> **What the task requires**: Please return each entry exactly as it appears, but not the pictures.

> **Listed entries**:
== Segment start ==

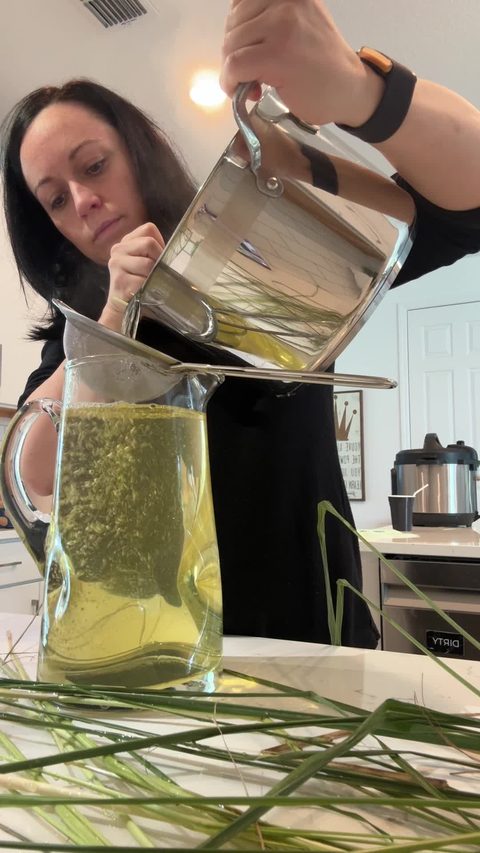 Hot water doesn’t go in glass. 🫨🫨
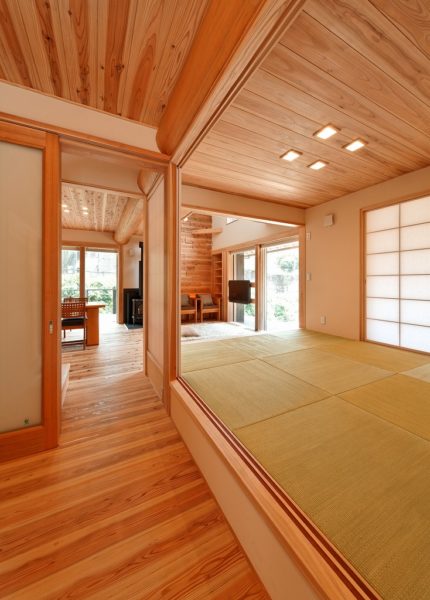 兵庫県の建築家で設計事務所が設計した岡山県西粟倉村の注文住宅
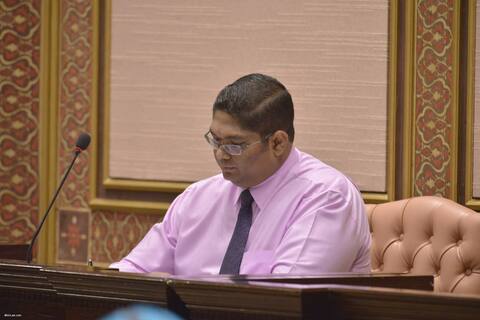 ރައްޔިތުންގެ މަޖިލީހަށް ބަންޑާރަނައިބު ޙާޒިރުކޮށް ކޯނީގެ ރިޕޯޓާއި ގުޅޭގޮތުން ސުވާލުކޮށްފި
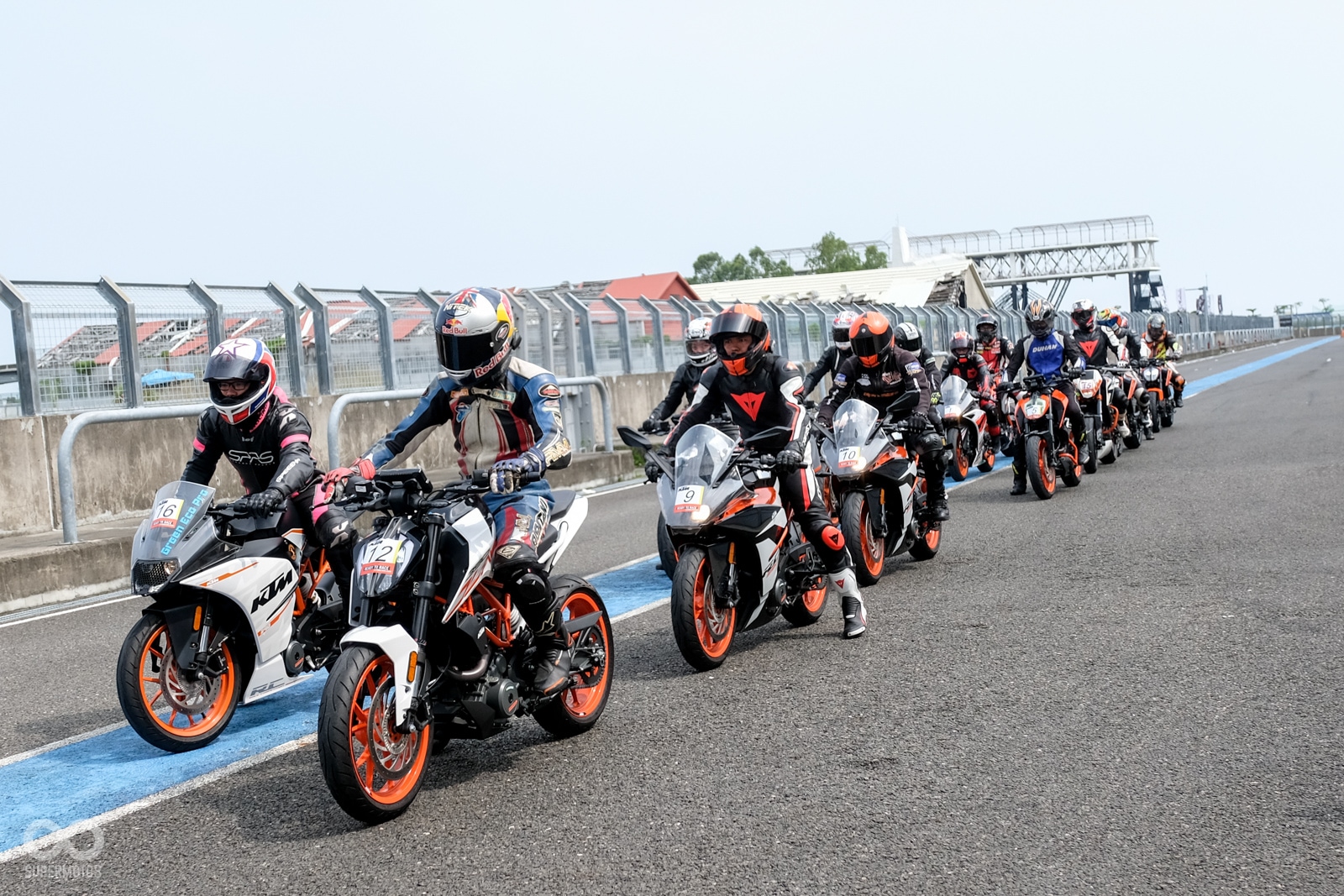 過去也有不少廠商喜愛在大鵬灣舉辦發表會、試乘體驗甚至是車主活動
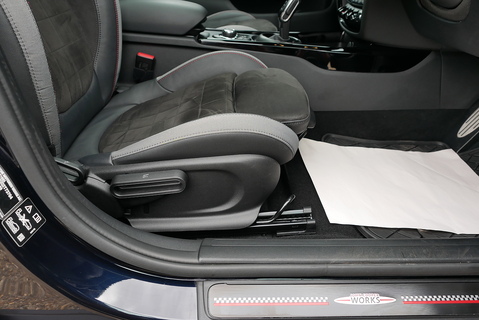 MINI 2.0 Clubman John Cooper Works ALL4 Estate Automatic (Pano Roof, Head Up, HK Sound, Digital Cockpit, Rev Camera +++)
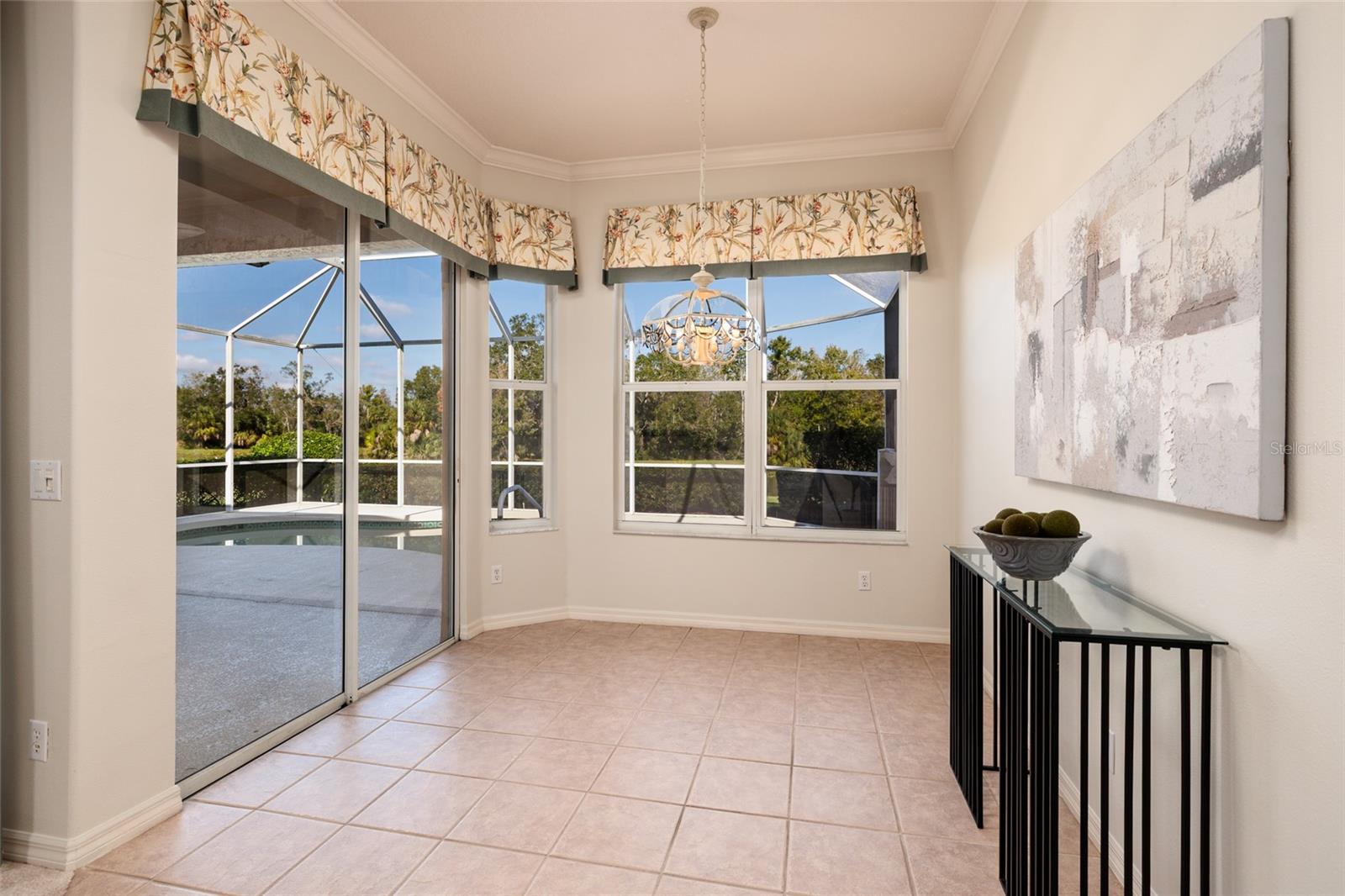 HERITAGE OAKS GOLF & COUNTRY CLUB - Residential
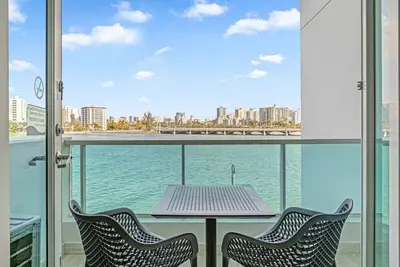 Image de Sunset Studio | located at the Condado Lagoon Villas building in Condado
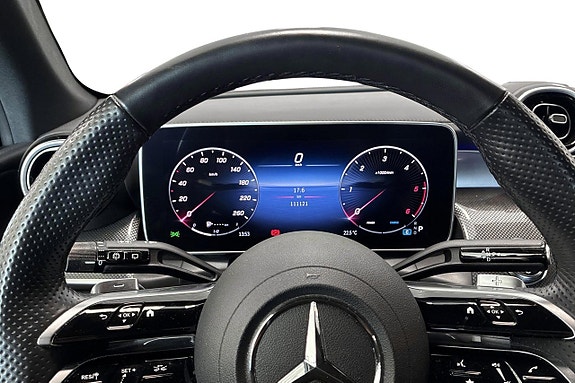 Mercedes-Benz GLC300 d 5 of 12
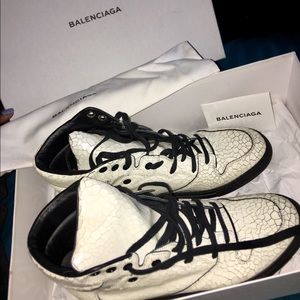 balenciaga sneakers/trainers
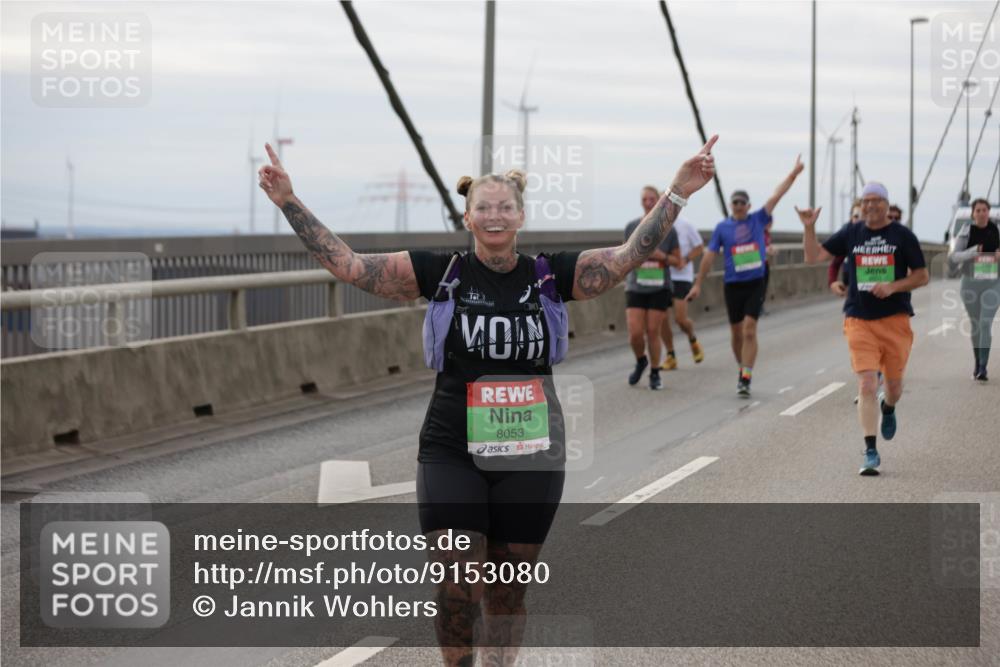 03.10.2025 - Köhlbrandbrückenlauf Jannik Wohlers http://msf.ph/oto/9153080 03.10.2025 16:03:27 Position 1 8053 meine-sportfotos.de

== Segment end ==

> **Response**:
 Hot water doesn’t go in glass. 🫨🫨
 兵庫県の建築家で設計事務所が設計した岡山県西粟倉村の注文住宅
 ރައްޔިތުންގެ މަޖިލީހަށް ބަންޑާރަނައިބު ޙާޒިރުކޮށް ކޯނީގެ ރިޕޯޓާއި ގުޅޭގޮތުން ސުވާލުކޮށްފި
 過去也有不少廠商喜愛在大鵬灣舉辦發表會、試乘體驗甚至是車主活動
 MINI 2.0 Clubman John Cooper Works ALL4 Estate Automatic (Pano Roof, Head Up, HK Sound, Digital Cockpit, Rev Camera +++)
 HERITAGE OAKS GOLF & COUNTRY CLUB - Residential
 Image de Sunset Studio | located at the Condado Lagoon Villas building in Condado
 Mercedes-Benz GLC300 d 5 of 12
 balenciaga sneakers/trainers
 03.10.2025 - Köhlbrandbrückenlauf Jannik Wohlers http://msf.ph/oto/9153080 03.10.2025 16:03:27 Position 1 8053 meine-sportfotos.de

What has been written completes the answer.